Sch 40 or if you want to really overkill, Sch 80 PVC pipe. Lighter, MUCH easier to cut and to join.

For the A) question
"_What can I do to "affix" the black pipe to the wood as it passes through the vertical 2 X 3 posts so that it will add rigidity"_
The answer with PVC pipe would be to glue couplings either side of the vertical members. Then the horizontal PVC pipe would be affixed between the members.

PVC pipe is very easy to cut, and very easy to glue the fittings. It needs special glue, but wipe on the glue, press in the pipe, twist to smooth out the glue and as the Brits would say "Bob's your Uncle".


----------



## jschaben (Apr 1, 2010)

This is a rare moment but I have to respectfully disagree with Dave. 5 ft rack of cloths can get pretty heavy, I don't think black pipe is overkill at all.
Instead of one long pipe, use one longer one, just long enough to pass through both uprights with just about an inch to spare, use pipe couplings on those ends to fix the pipe laterally and then add shorter stubs in the couplings to get the added length.


----------



## Alchymist (Jan 2, 2011)

I wouldn't use PVC pipe, it will bow under a full load of clothes. 1" pipe is overkill, 3/4 works OK. You should have some form of diagonal bracing, be it gussets, or whatever. The way it is now it is more apt to rack. Perhaps a 2X6 cut on a 45 about 6" long between each vertical and the bottom cross piece.


----------



## Alchymist (Jan 2, 2011)

Something like this:


----------



## Wood4Brains (Jul 25, 2012)

Thanks everyone for the input.

*@ jschaben*



> Instead of one long pipe, use one _*longer*_ one, just long enough to pass through both uprights with just about an inch to spare...

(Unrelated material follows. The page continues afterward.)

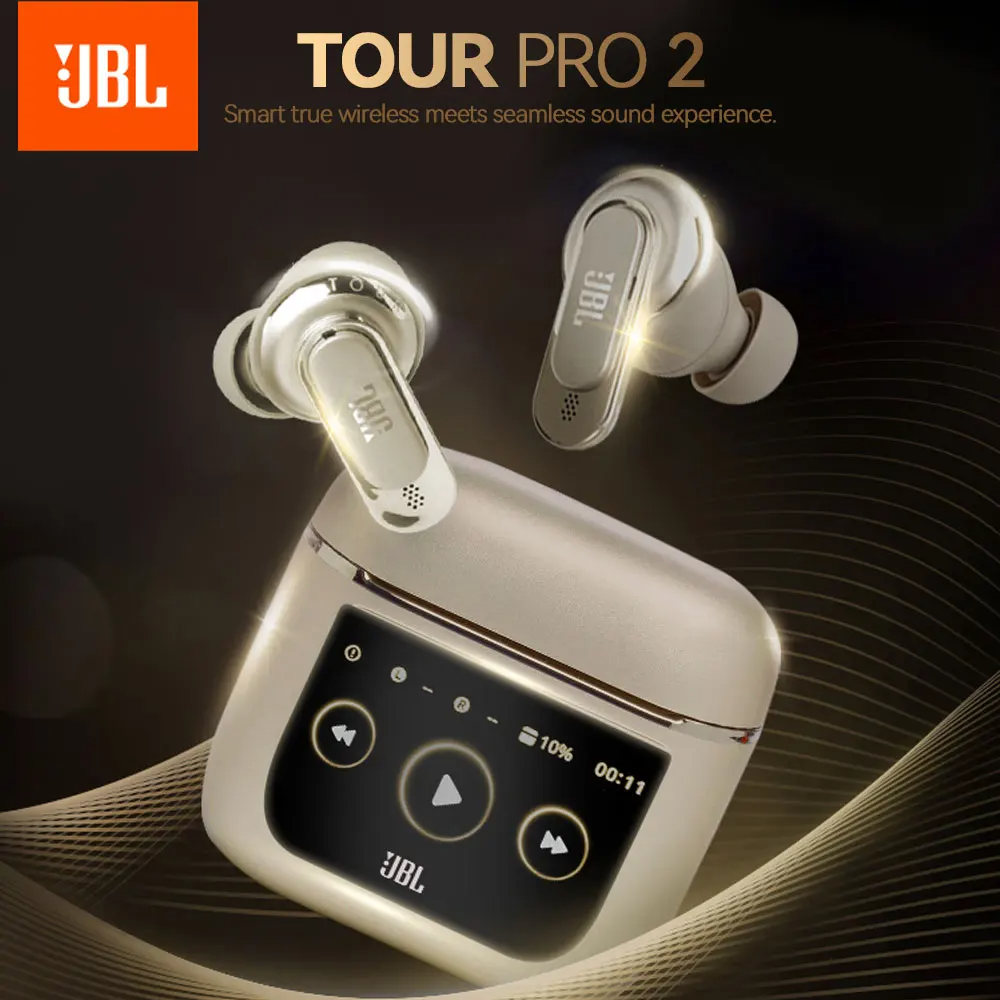 JBL TOUR PRO 2 True Wireless Noise Cancelling Earphones Bluetooth Sport Earbuds Headphone with Smart LCD Screen Mic Charge Case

Do you mean one _*shorter*_ one?



> ...use pipe couplings on those ends to fix the pipe laterally and then add shorter stubs in the couplings to get the added length.


Just so I know we are on the same page, this is a pipe coupling, right?










How would I affix it to the wood posts?

The other option that they said to do at the hardware store was to use a flange. You screw the pipe into the flange and then you screw the flange to the face of the wood posts.










Only problem is that I would need wider posts (2 X 4s instead of 2 X 3s) since the flange is pretty big in diameter. 

So if there is a way to affix the couplings so that the pipe adds to the rigidity, that would be great!

Thanks in advance.


----------



## woodnthings (Jan 24, 2009)

*I like the pipe flange idea*

It will add a lot of rigidity. A 2 x 4 will be better anyway. You wont need the top stretcher then. If you want additional hanging length on the ends, then you could use 1/2" pipe and flanges, off the ends of the uprights, but I wouldn't since they are going to stick out too far.


A stretcher like a 2 x 6, or 2 x 8 running on edge in between the to uprights at the base will add more support from racking OR just use a 1 x 8 on both sides of your upright. The higher on the upright you can put a connected piece, them more rigid it will be.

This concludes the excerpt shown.